Understanding various types of consumers and their respective consumption patterns, changes in their water and electricity consumption trends in response to conservation strategies, and identifying the most influential variables influencing water-electricity usage, are key to support management and conservation strategies. In this work, our goal is to characterize the consumption of five building classifications on a university campus, specifically, academic, education, dormitory, operations, and recreational buildings through daily water and electricity usage collected over several years. Water-electricity demand data grouped based on similar usage characteristics promotes the development of water-electricity demand models and informs utility managers on end-use consumption patterns to support management and conservation strategies.
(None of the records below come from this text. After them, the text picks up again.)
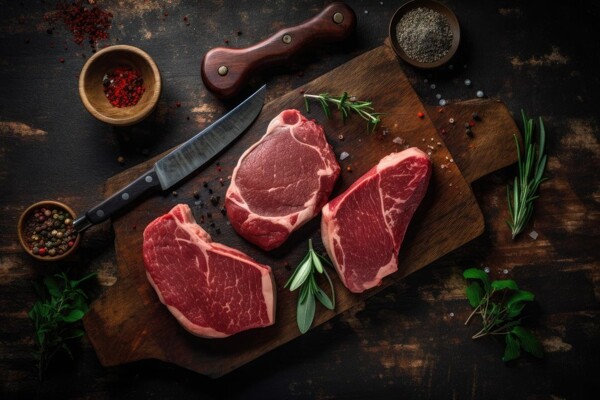 Розничный рынок Центрального рынка предлагает разнообразные сорта мяса по неотразимым ценам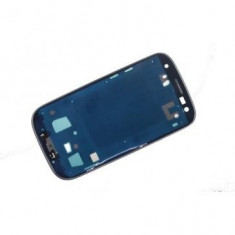 Carcasa rama fata Samsung I9301I Galaxy S3 Neo Originala Gri foto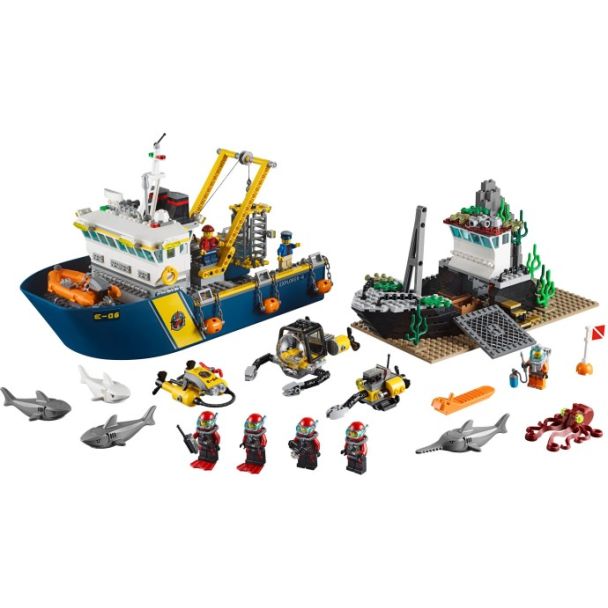 Deep Sea Exploration Vessel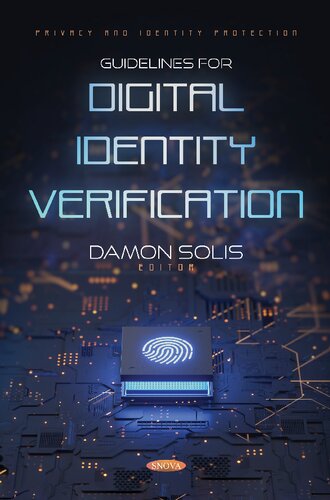 Guidelines for Digital Identity Verification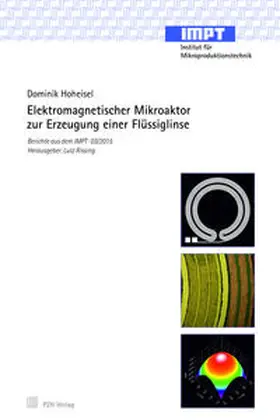 Hoheisel |  Elektromagnetischer Mikroaktor zur Erzeugung einer Flüssiglinse | Buch |  Sack Fachmedien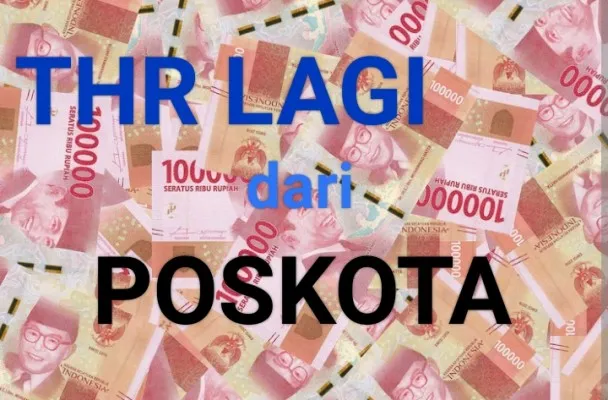 ALHAMDULILLAH THR Rp200.000 Buat Kamu, Klaim Saldo DANA Gratis dari Poskota Sekarang!(sumber: freepik)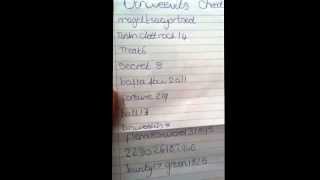Binweevils cheat codes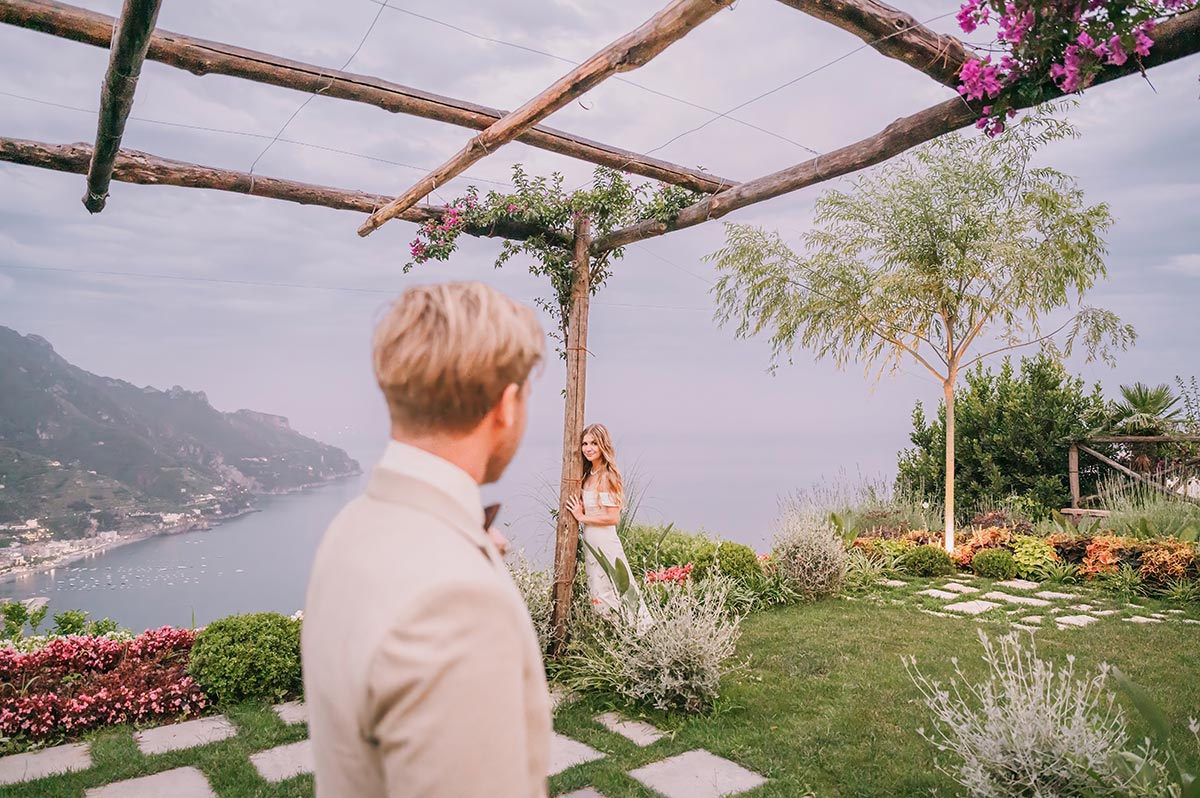 Villa Eva Ravello | Emiliano Russo | wedding at santeustachio ruins scala ravello italy 6 5 | Villa Eva Wedding Photography: timeless pictures in the highest position above the Amalfi Coast. Ask your Photographer for advices and suggestions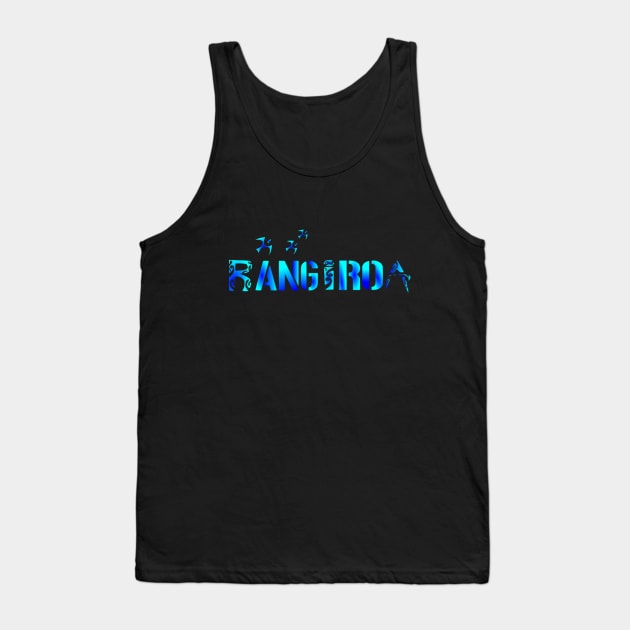 RANGIROA Tank Top by Nesian TAHITI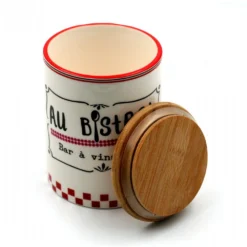 Promos Nid Objet Magasin -Promos Nid Objet Magasin pot hermetique blanc au bistrot 1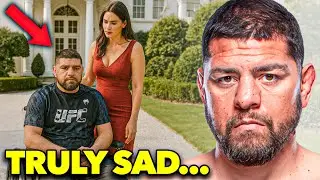 Nick Diaz at 42... A Life of Fighting, Pain, and Regret...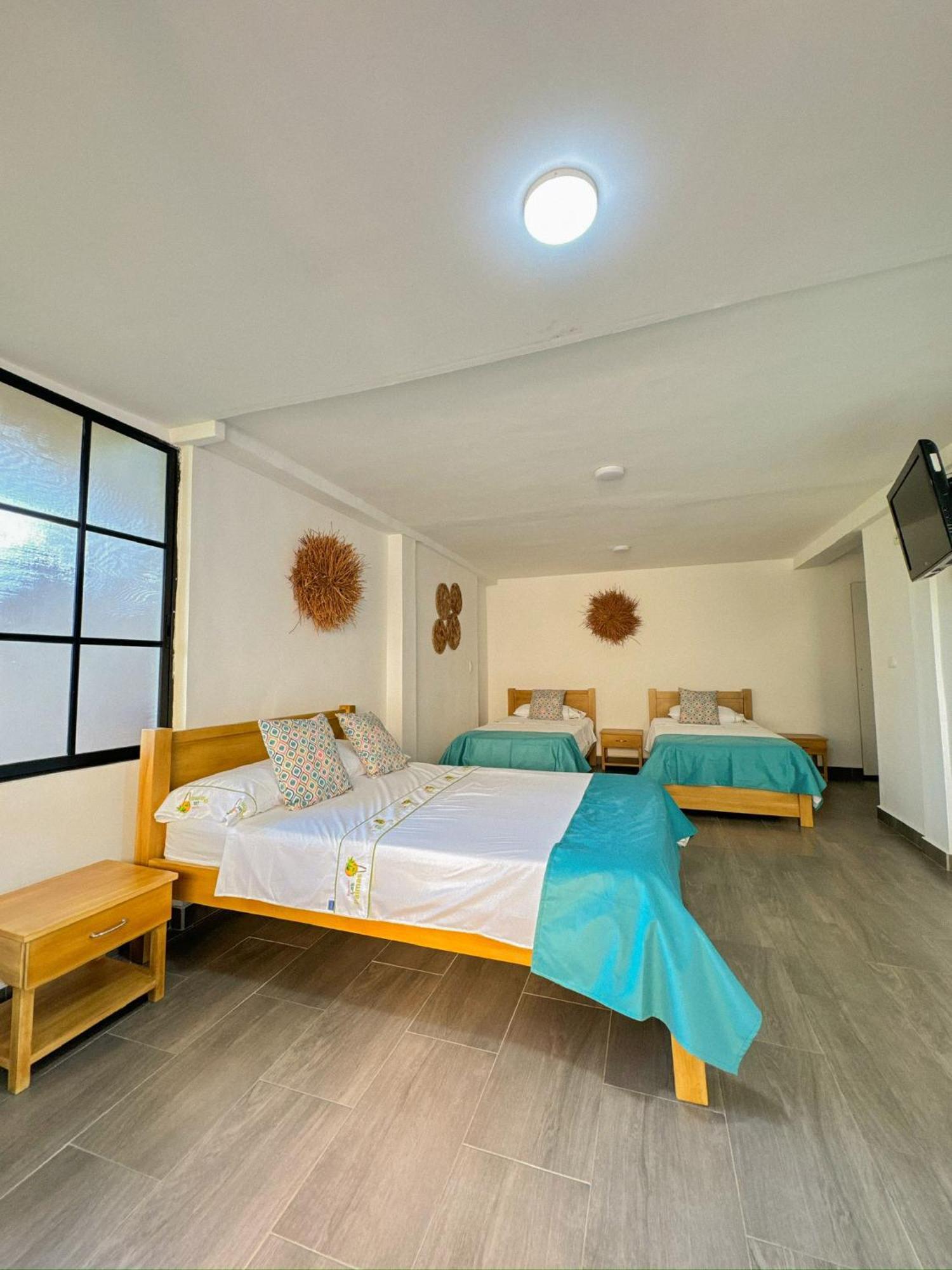 Eco Hotel Las Palmas Puerto Espejo Dış mekan fotoğraf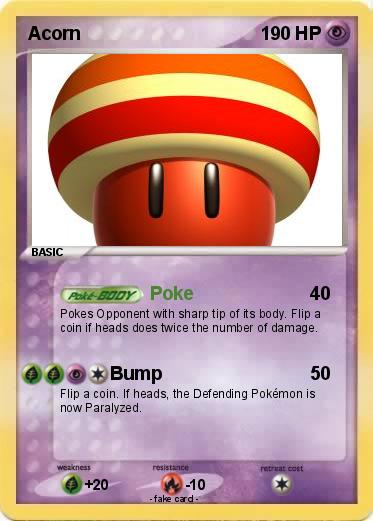 Pokemon Acorn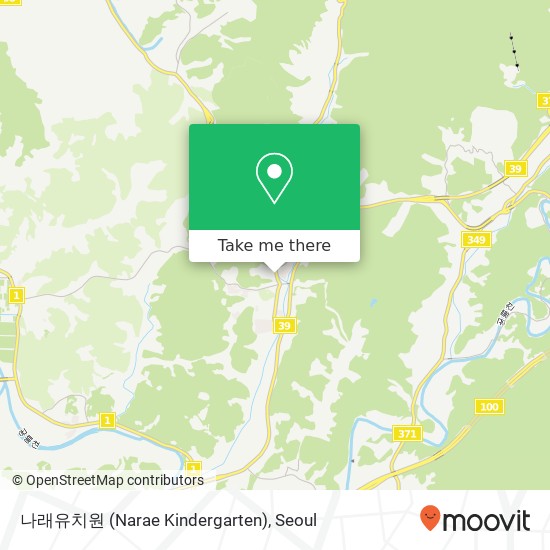 나래유치원 (Narae Kindergarten) map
In this study, we have focused on data collection and analysis to identify common attributes of university buildings with similar observed performance over time. Water and electricity demand profiles for 71 buildings across UT Austin’s campus, were aggregated by considering several consumption representative features, such as per capita demand, demand per square foot, and the buildings’ functional purpose. Housing was found to be the largest and least efficient water consumer on campus and had the most consistent seasonal demand profiles. Research laboratories were found to be the largest and least efficient energy consumer on campus. Water demand seems to be heavily human influenced, while energy demand is more likely influenced by automated systems like heating, cooling, and lighting. This suggests that different strategies should be targeted for water and electricity conservation. Dormitory water-electricity demand was correlated with occupancy and time of the year (i.e. academic seasons). As building size and total demand increased the efficiency of water-electricity use per square foot decreased. The methods employed in this study indicate that simple feature extraction can yield insights into water-electricity demand profiles that can inform effective conservation strategies.